▶ Data
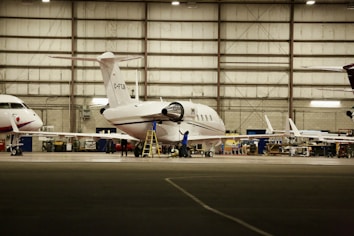 Inside a spacious aircraft hangar, a white jet is being serviced. A person in blue is standing on a ladder near the aircraft, engaged in maintenance work. The hangar is well-lit with several other aircraft visible in the background.
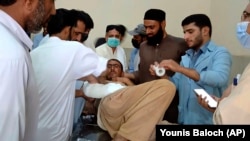 One of the passengers injured in a Balochistan bus accident on June 11 receives treatment at a hospital in the Khuzdar district.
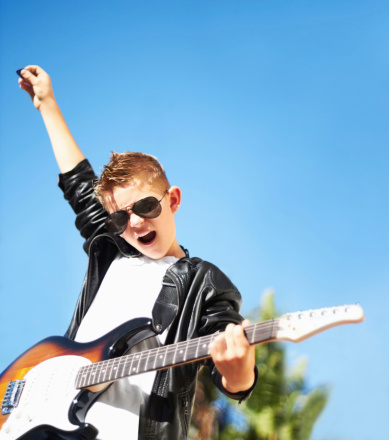 Little boy playing the electric guitar with a rockstar attitude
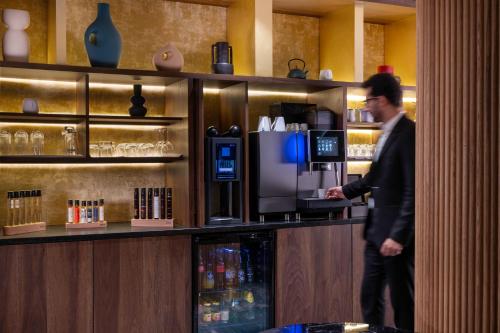 a man standing at the counter of a coffee shop at Hôtel Etoile Maillot in Paris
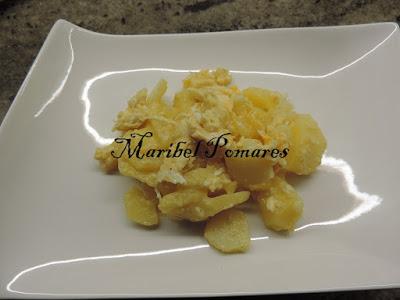 Patatas con huevos rotos.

▶ Exercise directions
Could you output the listing word for word, omitting every picture?

▶ Your solution
 Inside a spacious aircraft hangar, a white jet is being serviced. A person in blue is standing on a ladder near the aircraft, engaged in maintenance work. The hangar is well-lit with several other aircraft visible in the background.
 One of the passengers injured in a Balochistan bus accident on June 11 receives treatment at a hospital in the Khuzdar district.
 Little boy playing the electric guitar with a rockstar attitude
 a man standing at the counter of a coffee shop at Hôtel Etoile Maillot in Paris
 Patatas con huevos rotos.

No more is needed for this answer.